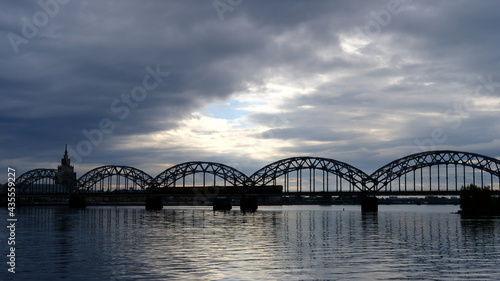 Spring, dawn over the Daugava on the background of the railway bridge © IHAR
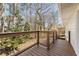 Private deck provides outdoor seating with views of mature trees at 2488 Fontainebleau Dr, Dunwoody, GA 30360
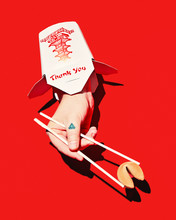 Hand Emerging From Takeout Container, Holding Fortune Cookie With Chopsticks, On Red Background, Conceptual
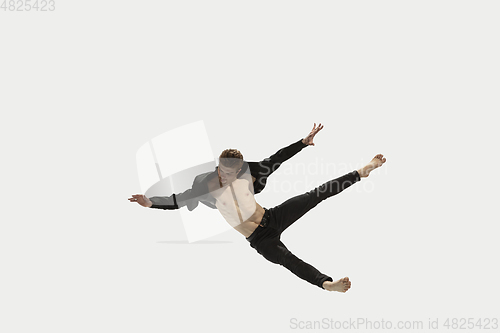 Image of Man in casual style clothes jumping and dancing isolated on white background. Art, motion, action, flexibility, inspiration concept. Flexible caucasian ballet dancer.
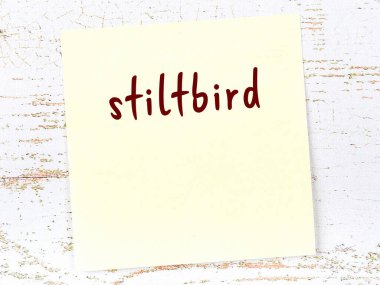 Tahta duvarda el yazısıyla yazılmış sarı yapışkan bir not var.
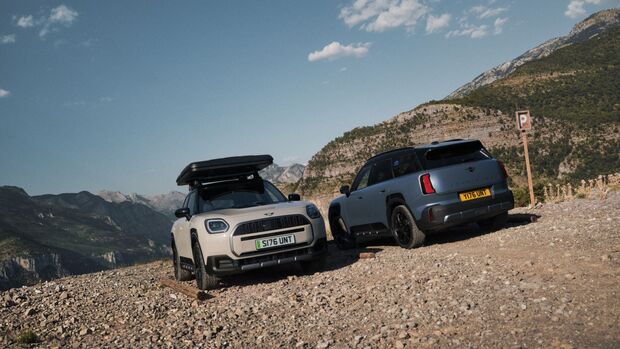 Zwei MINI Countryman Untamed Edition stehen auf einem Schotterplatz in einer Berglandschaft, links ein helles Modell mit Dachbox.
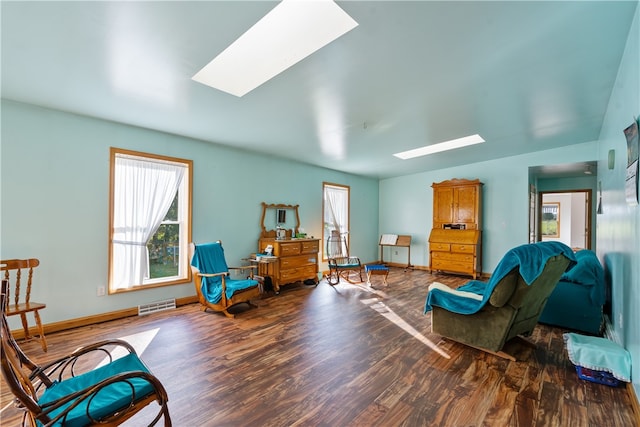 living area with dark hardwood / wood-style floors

Task prompt: Without the pictures, transcribe exactly the lines above from the one containing "Tahta duvarda el" through the last.

Expected answer:
 Tahta duvarda el yazısıyla yazılmış sarı yapışkan bir not var.
 Zwei MINI Countryman Untamed Edition stehen auf einem Schotterplatz in einer Berglandschaft, links ein helles Modell mit Dachbox.
 living area with dark hardwood / wood-style floors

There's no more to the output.